Bit shifts and endianness

Discussion in 'C Programming' started by gamehack, Jan 5, 2006.

  1. gamehack

    gamehack Guest

    Hi all,

    I was thinking today, suppose we have the number
    n = 0xAB 0xFF
    which is equivalent to 44031 in decimal. In big endian it will be
    stored as
    10101011 11111111
    but in little endian it will be
    11111111 10101011
    If we then apply a bit shift n << 2; that would give us completely
    different numbers. So is actually a left bit shift done to the left on
    a big-endian and left bit shift on little endian is actually a right
    shift in the memory?

    Thanks a lot

    PS. What other problems arise from endianness? Are there any good
    resources on that?
    gamehack, Jan 5, 2006
    1. Advertisements

  2. That's two numbers. Do you mean 0xABFF?
    Apparently so.
    No. Shift operators are defined on the *values* of their operands,
    not on their representations.
    Keith Thompson, Jan 5, 2006
    1. Advertisements

  3. gamehack

    gamehack Guest

    Sorry, I meant 0xABFF and just separated them as distinct bytes.
    gamehack, Jan 5, 2006
  4. Clarification: I assume you mean that shift operators operate on a
    binary value, irrespective of how that is stored on disk or in memory.
    I'm saying this because few humans would think of the value of 0xabff
    as the value in binary. :)

    (and please, don't start another one of those tedious "well patently
    what I said is 'right', so you're a fool" discussions again, I really
    don't want to have to express my opinion of people who can't accept
    that there may be more than one way to skin a cat).
    Mark McIntyre
    Mark McIntyre, Jan 5, 2006
  5. Mark McIntyre said:
    No, they operate on a value. Values don't have number bases. That's merely a
    representation issue.
    Richard Heathfield, Jan 5, 2006
  6. gamehack

    slebetman Guest

    Yeah, I had this misconception before. 0xabff >> 8 always gives me
    0x00ab regardless of weather the machine is big endian or little
    endian. Endianness just defines weather 'ab' comes before or after 'ff'
    in memory. It doesn't affect binary operations. Endianness is only an
    issue when you are transferring data between machines via a file or a
    network, not when you are doing the computing.
    slebetman, Jan 5, 2006
  7. said:
    Even so, I don't recommend that you try this in the rain.
    Richard Heathfield, Jan 5, 2006
  8. That's one way of looking at it.

    The standard describes the result of a shift operator both as "E1
    (left|right)-shifted E2 bit positions" and in terms of multiplication
    or division by powers of 2. I think the latter is intended to define
    what the standard means by the terms "(left|right)-shifted". The
    standard could as easily have defined the operators purely in terms of
    multiplication or division with no reference to shifting, with the
    resulting wording describing exactly the same semantics.

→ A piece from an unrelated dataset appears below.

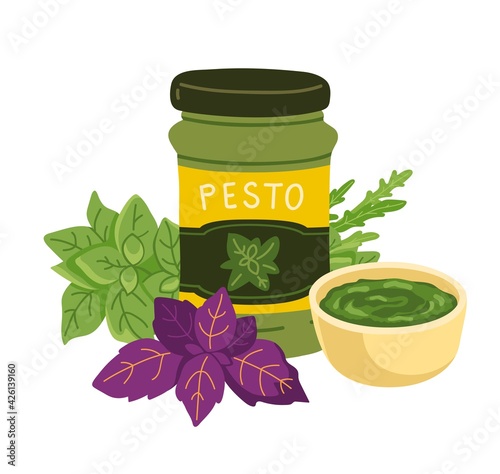 Pesto sauce glass jar with wild basil sprig and other herbs. Classic italian green dressing in the bowl. Simple hand-drawn vector illustration, isolated on white background.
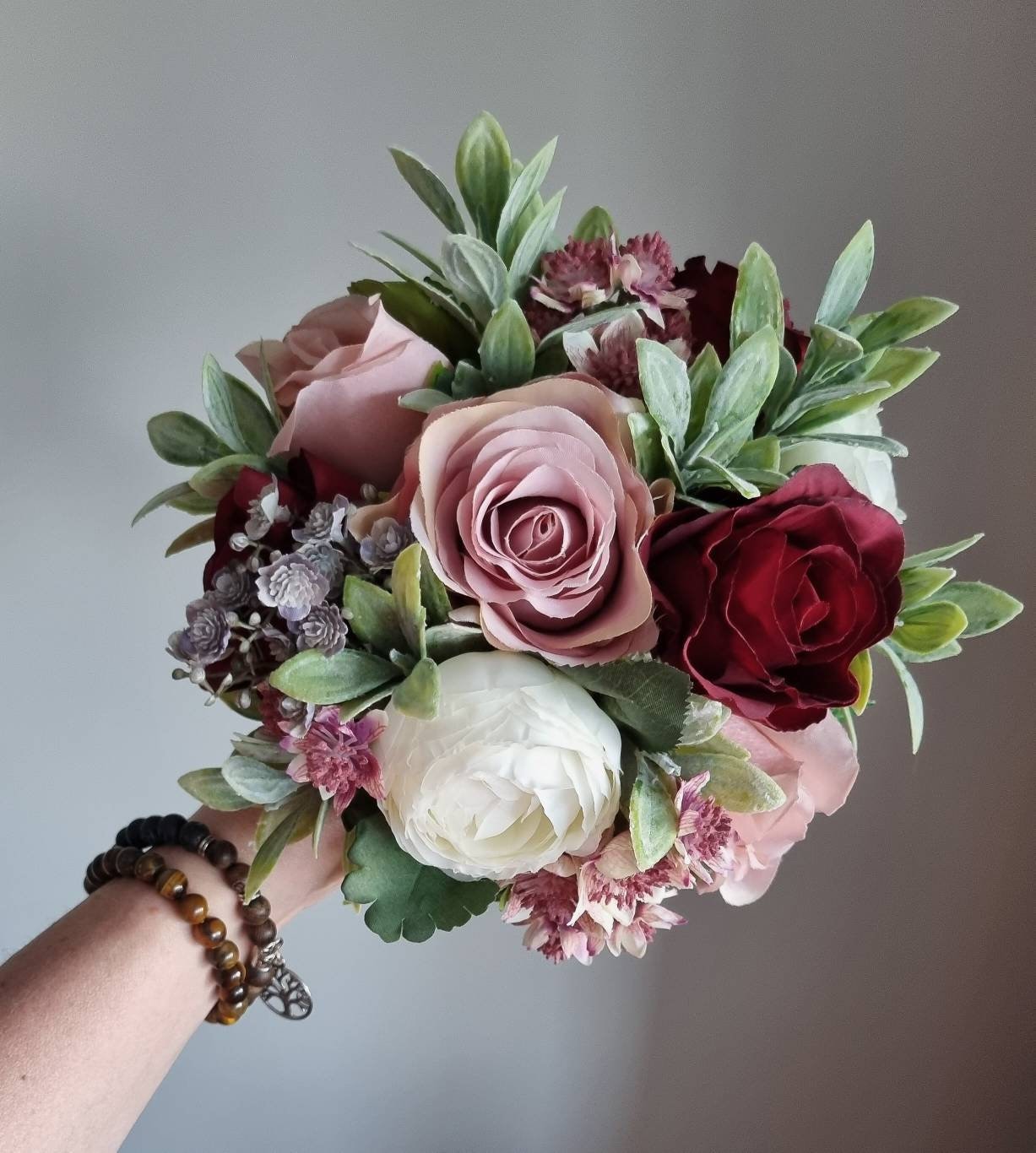 Burgundy, ivory, dusty pink, grey & muted greenery artificial wedding bouquet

    One advantage of describing it this way is that it avoids the OP's
    question; "<<" and ">>" don't depend on endianness any more than "+"
    and "-" do, and there's no potential ambiguity about the meanings of
    "left" and "right".
    Keith Thompson, Jan 5, 2006
  9. gamehack

    Jordan Abel Guest

    The standard mentions "bits" in too many places for me to believe this.
    Jordan Abel, Jan 6, 2006
  10. gamehack

    Chris Torek Guest

    More precisely (and more correctly :) ), "endianness" becomes
    an issue whenever someone or something takes a value apart,
    so that there is a "before" and an "after", or a "left" and a
    "right", or some other way of sequencing parts of the value.

    For instance, imagine you are moving from one place of living to
    another (e.g., moving apartments). Your car has room for 1/3 of
    your bed, but not the whole thing. You take a saw to the bed and
    cut it into thirds. You then transport each third to your new
    location and reassemble it.

    You need to reassemble it in the same order you took it apart, or
    it will likely be quite uncomfortable to sleep in. :)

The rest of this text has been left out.